What's needed is an exact copy of the lines from the one that contains "I got the digi" to the end of the data below, leaving the pictures out.

◆ **Source material**
------------
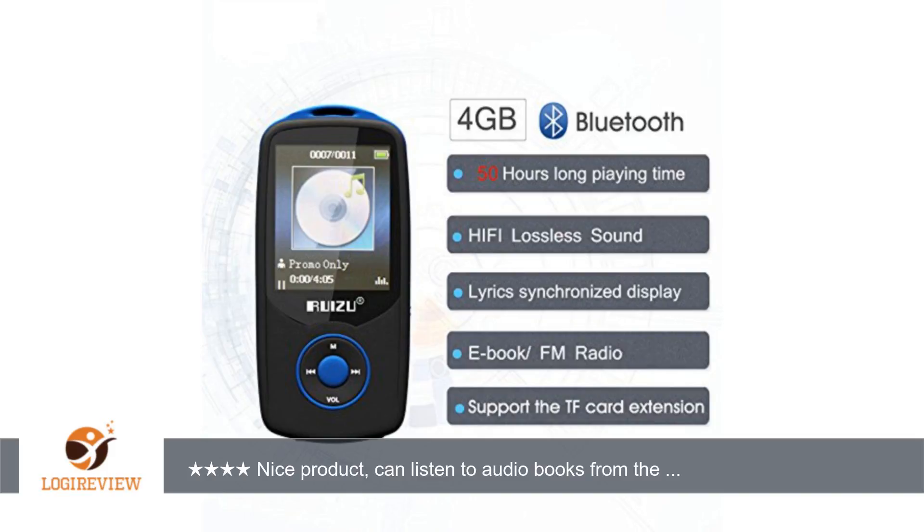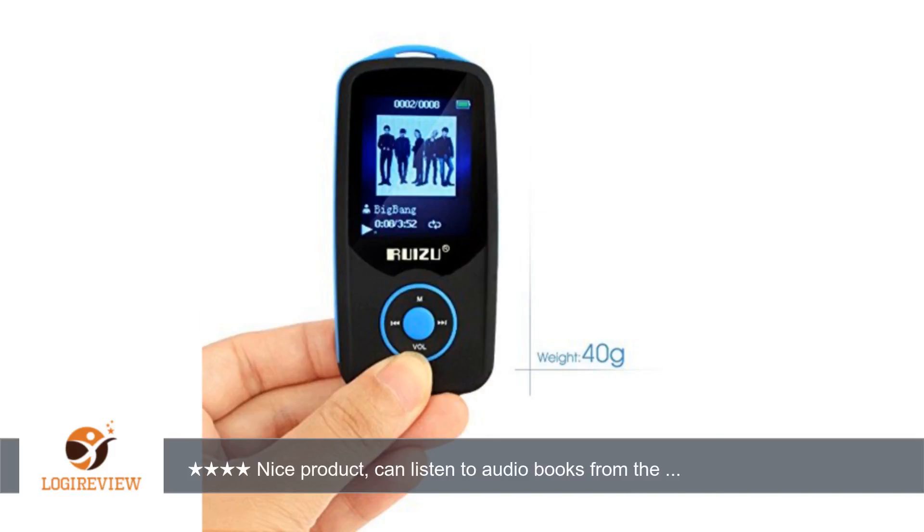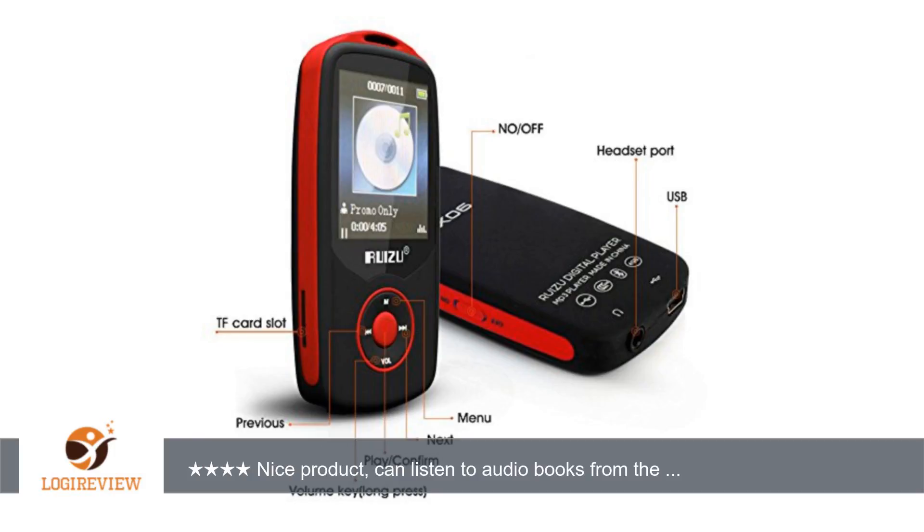A customer wrote: nice product. Can listen to audiobooks from the library by manually loading from the download folder to the device — OverDrive doesn't recognize. Sound is hard to turn up and down, and fast forwarding is not so easy.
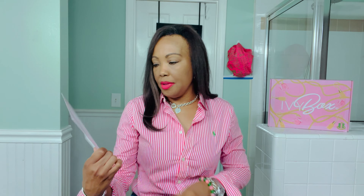It always comes with a wonderful card with a beautiful illustration. It says: welcome to your Ivy Box, April theme - April Showers and Spring Flowers.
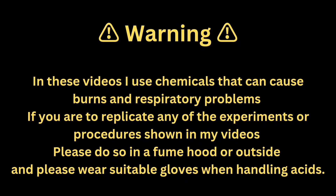In these videos, I use chemicals that can cause burns and respiratory problems. If you are to replicate any of the experiments or procedures shown in my videos, please do so in a fume hood or outside, and please wear suitable gloves when handling acids.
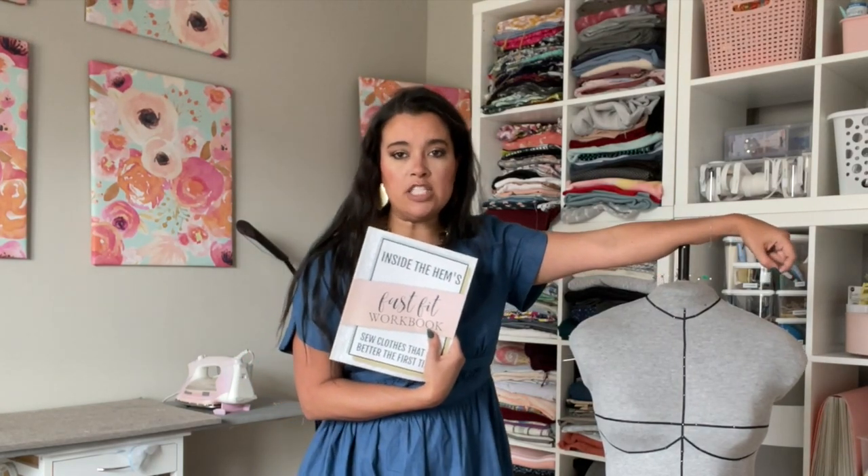In the next video we're going to be talking about alterations. I'm going to get out my ditto form and tissue-fit the pattern after it's cut out on my ditto form. So once you get your size figured out from the Fast Fit worksheet, meet me back here and we'll talk about alterations.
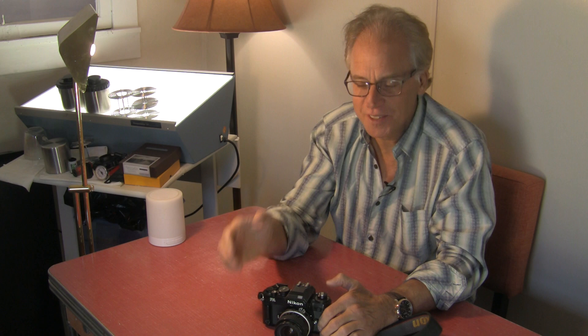I'm Kenneth Weidsta. I'm a professional photographer here in Colorado. Welcome to another one of my equipment experiential use videos. This is a series about cameras that I use. This one is about the Nikon FA.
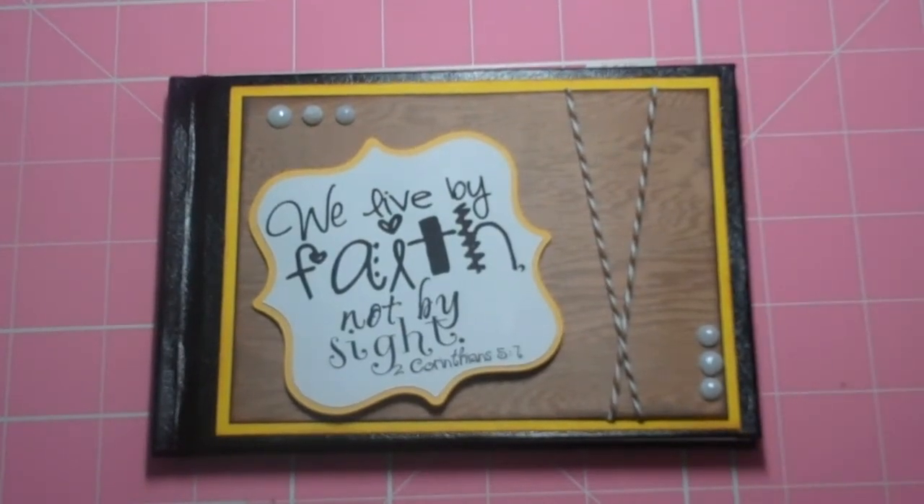I got the digi stamp from Ruby Tuesday Cards TV. She uses scripture stamps from one of her viewers or something — I'll put the link down below. The verse says, 'We live by faith, not by sight.' That is my biggest thing — I need to really work on my faith. Everything always works out, but I just need to always work on my faith, so I thought that was perfect.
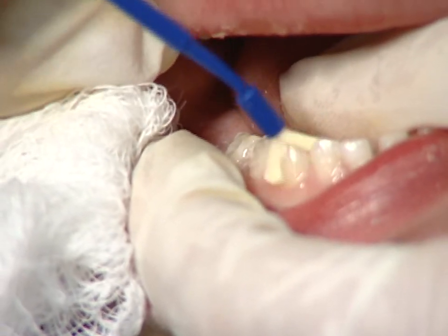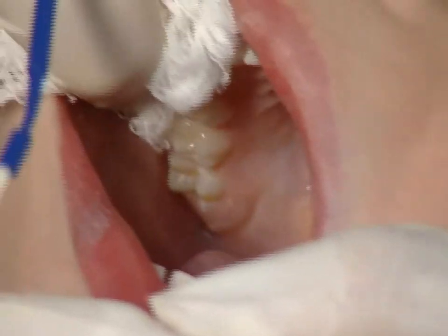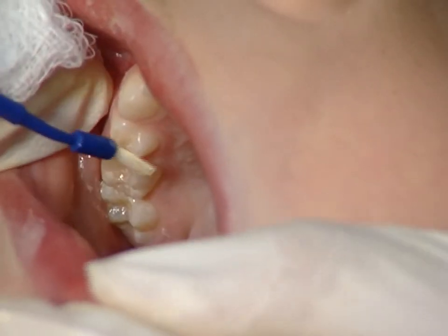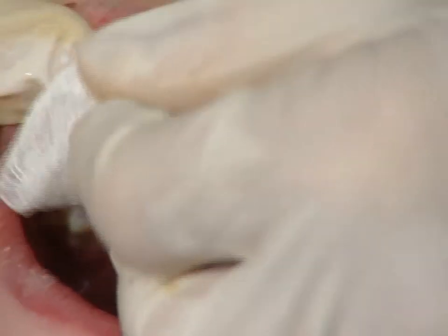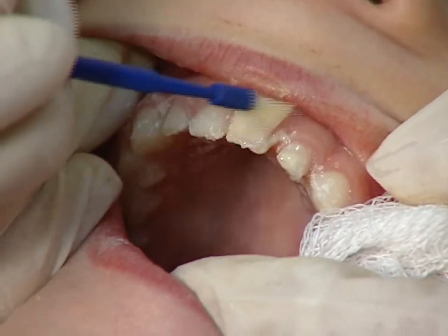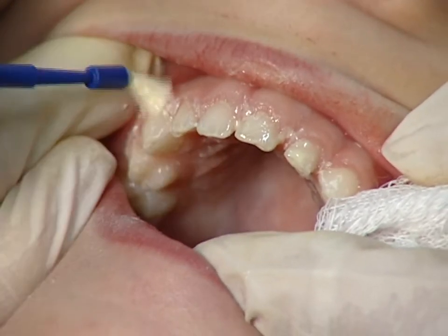Frequently, we do not do the lower incisors as they rarely get cavities. As you paint on the varnish, make sure you cover all the tooth surfaces. Once the varnish is on, you do not have to worry if it gets wet as it sets on contact with saliva. Paint the upper incisors last so that you do not accidentally wipe off the fluoride varnish as you work in the back of the mouth.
------------
◆ **Result**
I got the digi stamp from Ruby Tuesday Cards TV. She uses scripture stamps from one of her viewers or something — I'll put the link down below. The verse says, 'We live by faith, not by sight.' That is my biggest thing — I need to really work on my faith. Everything always works out, but I just need to always work on my faith, so I thought that was perfect.
Frequently, we do not do the lower incisors as they rarely get cavities. As you paint on the varnish, make sure you cover all the tooth surfaces. Once the varnish is on, you do not have to worry if it gets wet as it sets on contact with saliva. Paint the upper incisors last so that you do not accidentally wipe off the fluoride varnish as you work in the back of the mouth.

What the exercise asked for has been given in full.